This is exactly my job, that of a 'Business Systems Analyst' at a big insurance company. I spend most of my time refining requirements with business stakeholders until I can document a set of atomic tasks. This documentation, generally referred to as a 'Business Requirements Specification' gets passed along to the developer who then writes a 'Technical Specification' detailing the implementation of each business requirement. One of my primary goals is to remove any guesswork or questions from the developers scope, such that they can focus clearly on the implementation of the solution. In all of the enterprise level development jobs I've worked, the developer is not expected to interact with the business at all. The overhead for simple development sky rockets, but that's a reasonable trade off to meet regulatory requirements such as Sarbannes Oxley, etc.

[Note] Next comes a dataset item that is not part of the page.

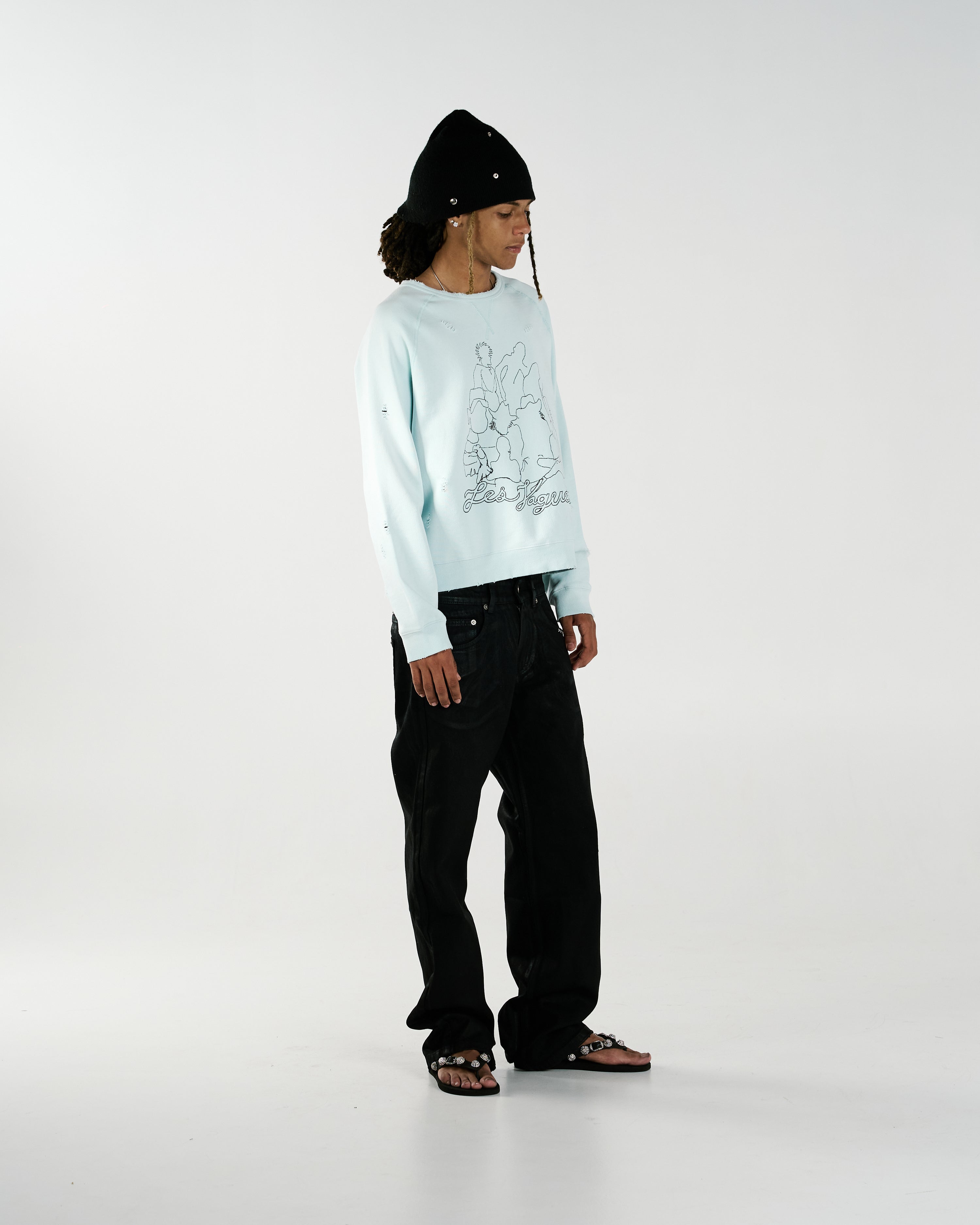 Jordan 6'0 wearing a size M Crewneck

A BA is one of those jobs I'd always thought would suit me until, in a previous life, I spent a few years working as a developer for Big Co. there we had a whole team of BAs and god were they hopeless. One of the worst things to happen to the development process.
the idea seemed to be that programmers are code monkeys; don't let them think, lets define exactly what they need to produce and get them to do exactly that. Then get a team of people to act as intermediaries between the business and the devs.
Geat idea except for: the BAs were passionless and didn't give a damn about anything other than getting the job 'done'. They didn't really understand the business at all. Most (almost all) of the many reams of documentation they produced was useless. They had no programming background, and no ability to anticipate edge cases, missing cases or anything really.
Sorry, but my limited exposure to business analysts has left me with not much more than a mix of contempt/ambivalence for the role.